Could you return the data that follows exactly, minus the images?

Supplied data »
=== Section Start ===

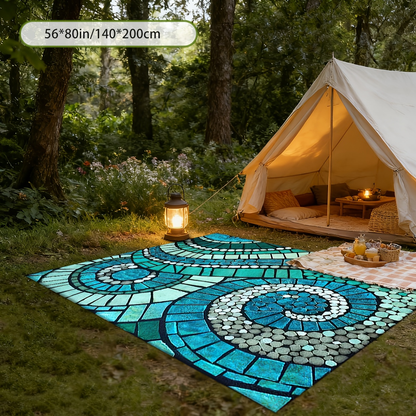 Outdoor Rug Non-Slip Decorative Foldable Portable Camping Mat Machine Washable for Patio Garden Pool Beach Picnic Living Area Multiple Sizes
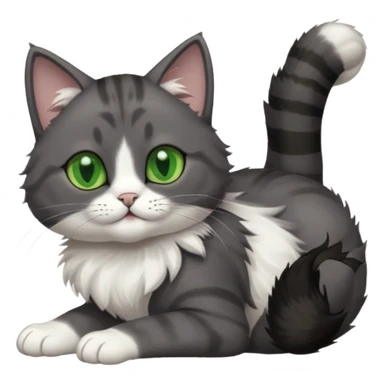 dark grey cat with green eyes, white toes/paws and white patch on her chest playfully rolling upside down sticker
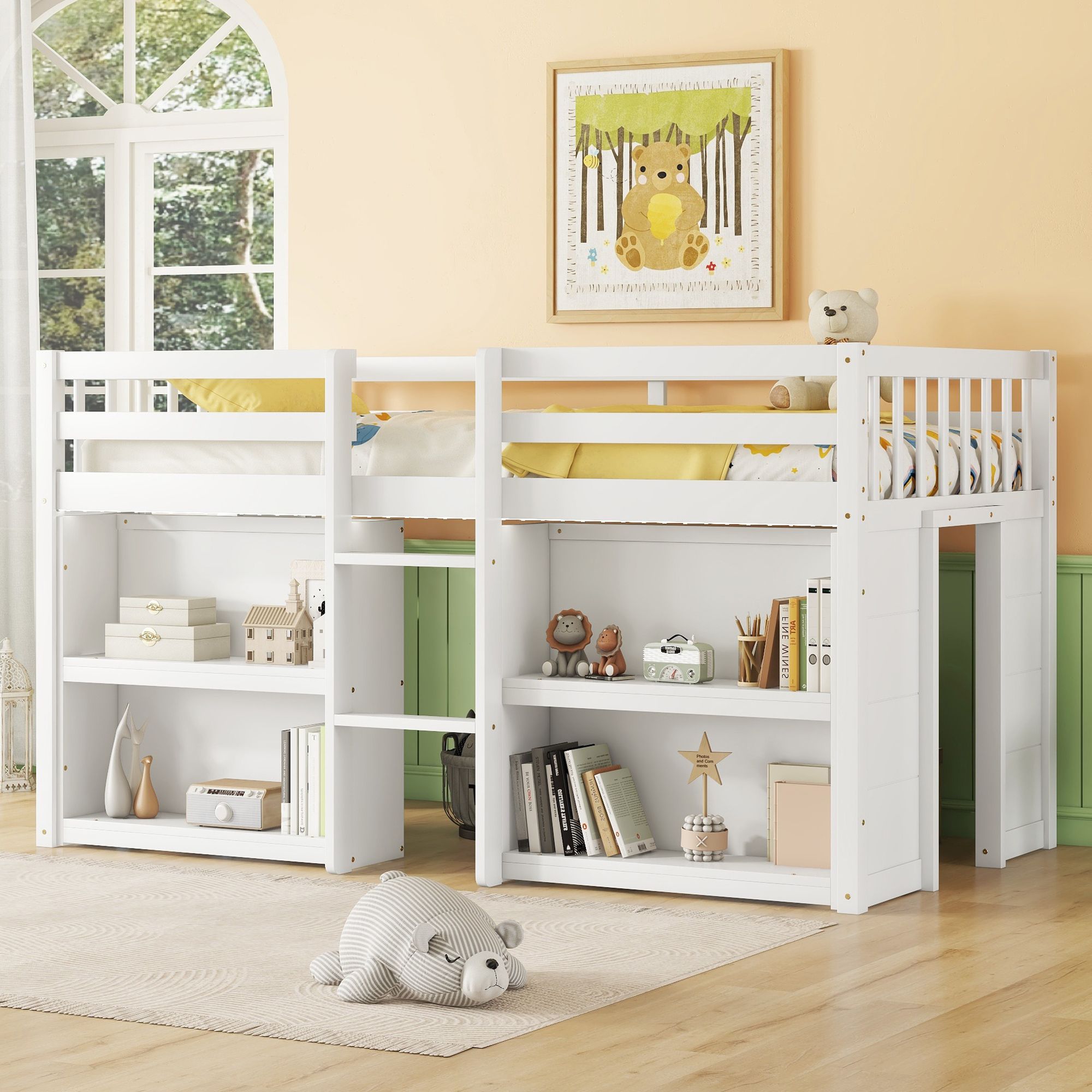 Yiekholo LL-1948AAK Gray Twin loft Bunk Bed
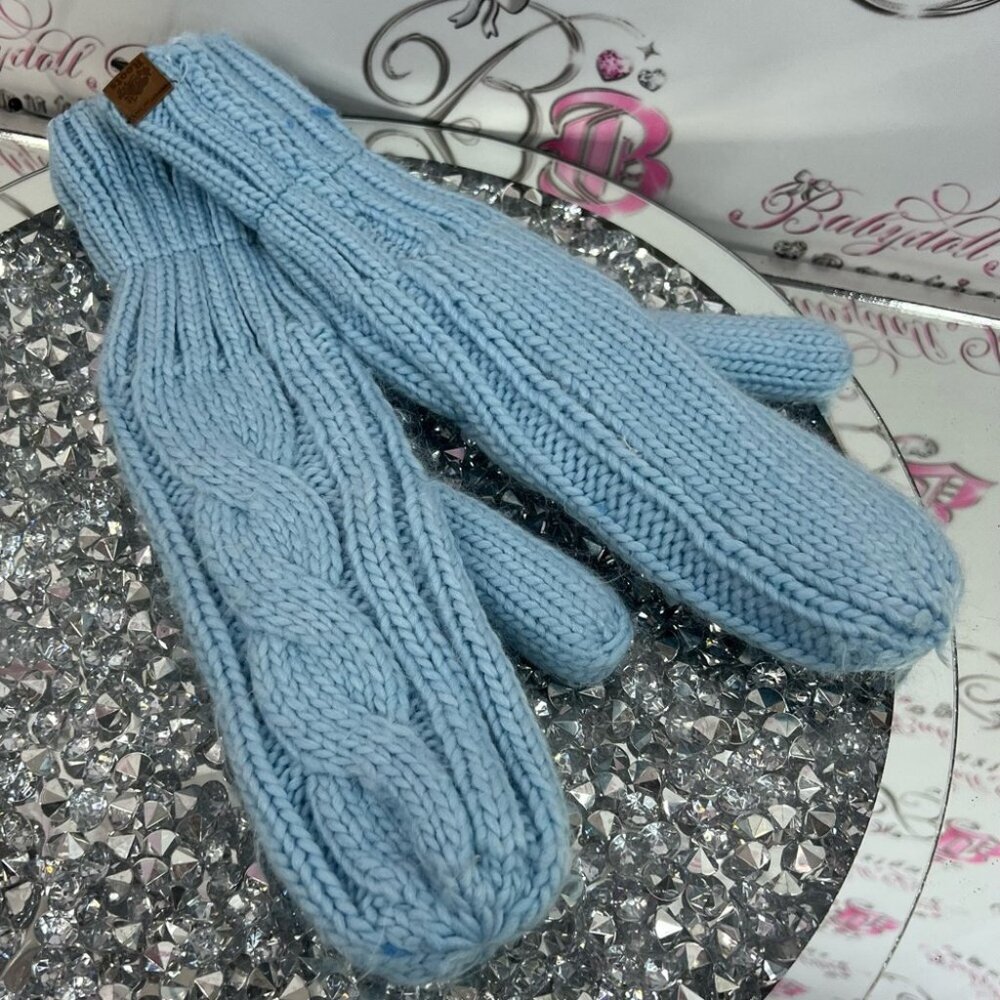 Roots mitts gloves knitted knit crochet warm cozy Light Blue Knit Mittens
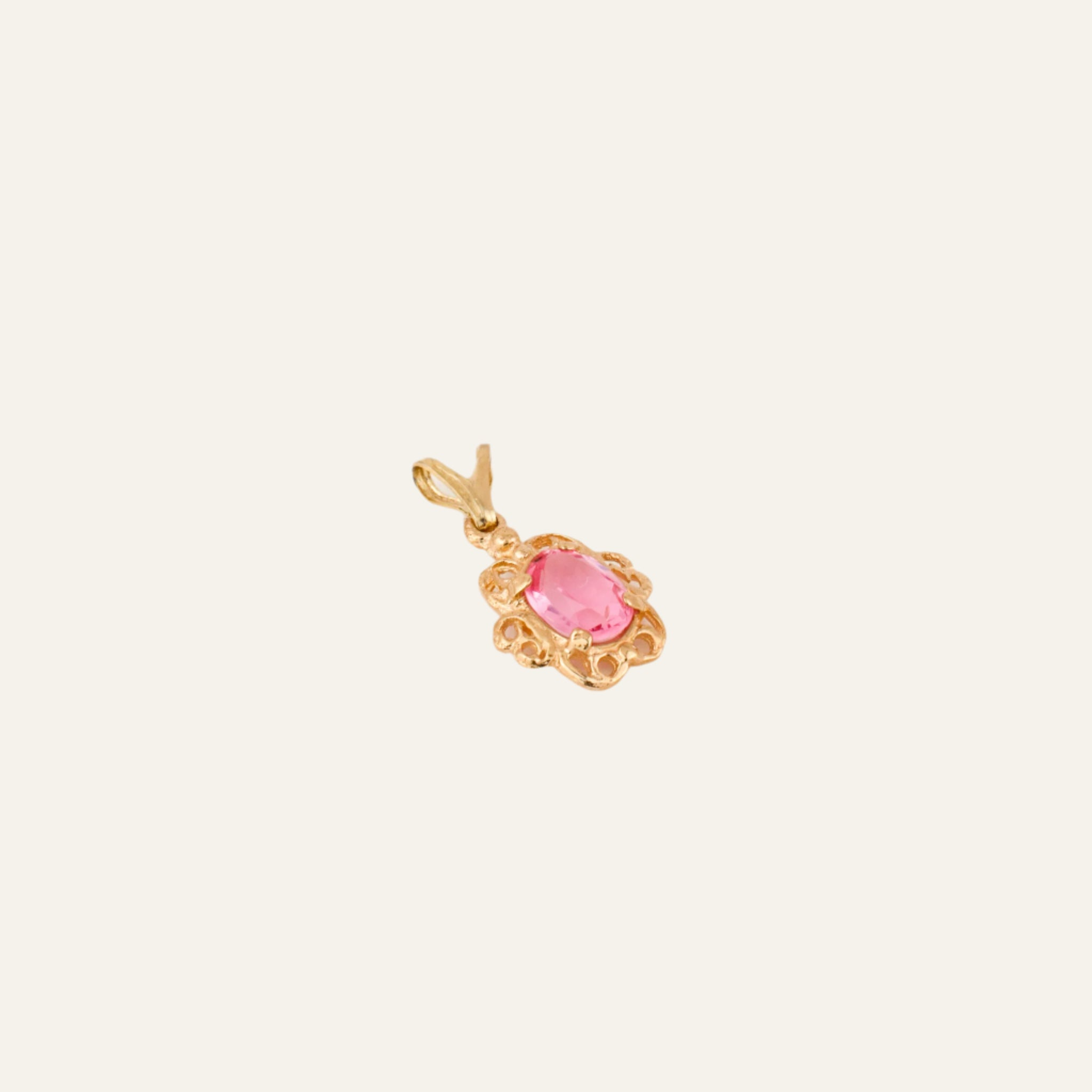 Gold Filigree and Pink Stone Charm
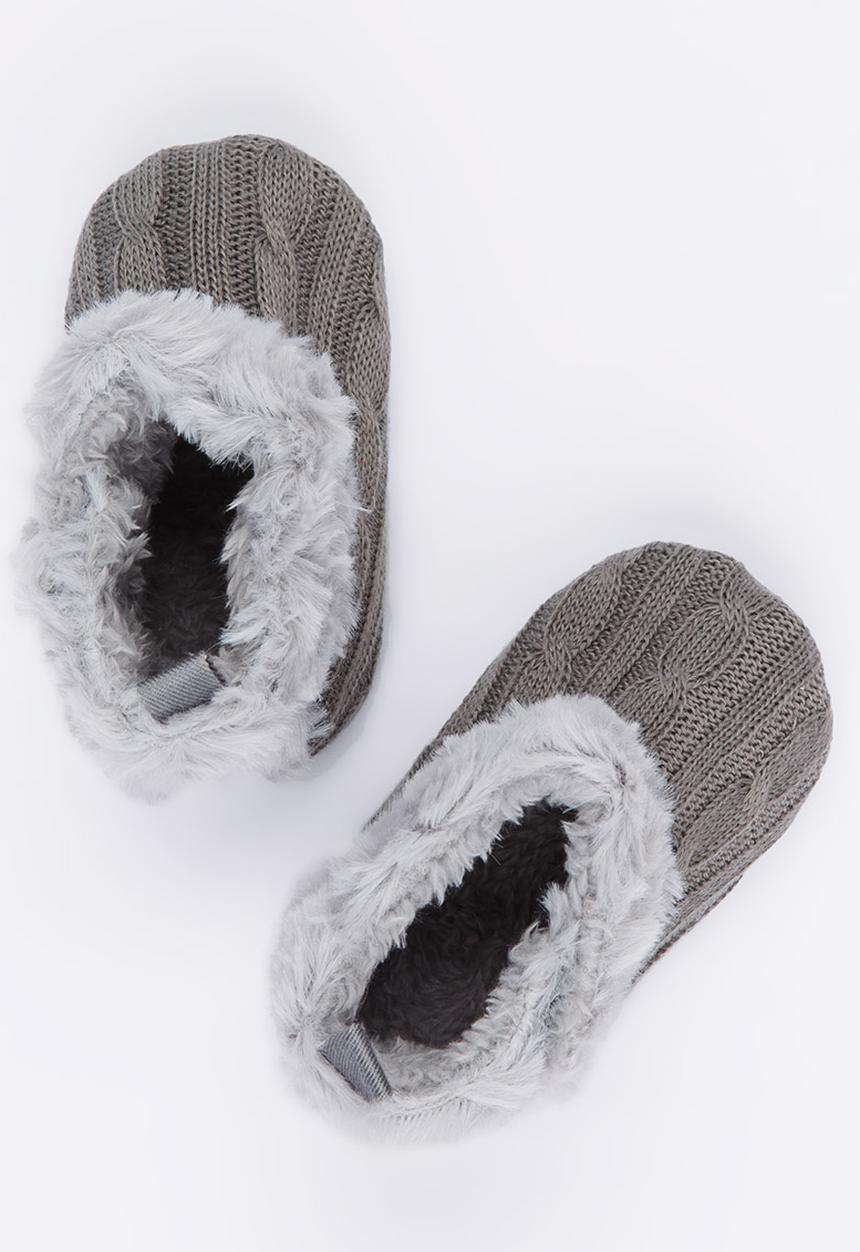 Pop Candy - Boots with Fluffy Lining Grey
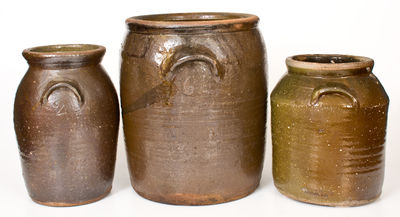 Three Pieces of Penland Family Alkaline-Glazed Stoneware, Candler, NC, circa 1925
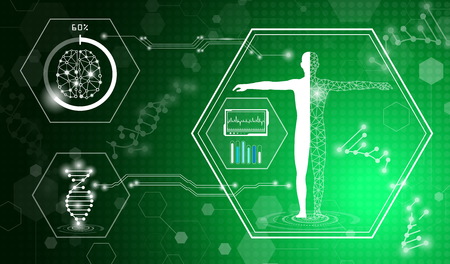 abstract background technology concept in green light,human body heal,technology modern medical...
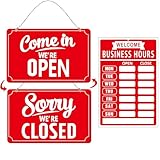 Open Closed Signs Business Hours Sign Set for Window Door Open Signs for Business Hour Closed Open Flip Sign Store Resturant Bar Red
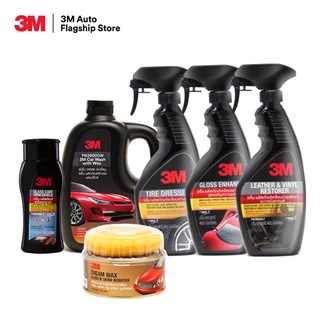 3M Set แชมพูล้างรถ ขนาด 1000 Ml. PN39000W + PN08889LT(กระจก) + PN39034LT + PN39040LT + PN39042LT + Cream wax แว๊กซ์เคลือบเงาสีรถ 220g.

=== Section End ===

Result for this exercise »
 Outdoor Rug Non-Slip Decorative Foldable Portable Camping Mat Machine Washable for Patio Garden Pool Beach Picnic Living Area Multiple Sizes
 dark grey cat with green eyes, white toes/paws and white patch on her chest playfully rolling upside down sticker
 Yiekholo LL-1948AAK Gray Twin loft Bunk Bed
 Roots mitts gloves knitted knit crochet warm cozy Light Blue Knit Mittens
 Gold Filigree and Pink Stone Charm
 Pop Candy - Boots with Fluffy Lining Grey
 Three Pieces of Penland Family Alkaline-Glazed Stoneware, Candler, NC, circa 1925
 abstract background technology concept in green light,human body heal,technology modern medical...
 Open Closed Signs Business Hours Sign Set for Window Door Open Signs for Business Hour Closed Open Flip Sign Store Resturant Bar Red
 3M Set แชมพูล้างรถ ขนาด 1000 Ml. PN39000W + PN08889LT(กระจก) + PN39034LT + PN39040LT + PN39042LT + Cream wax แว๊กซ์เคลือบเงาสีรถ 220g.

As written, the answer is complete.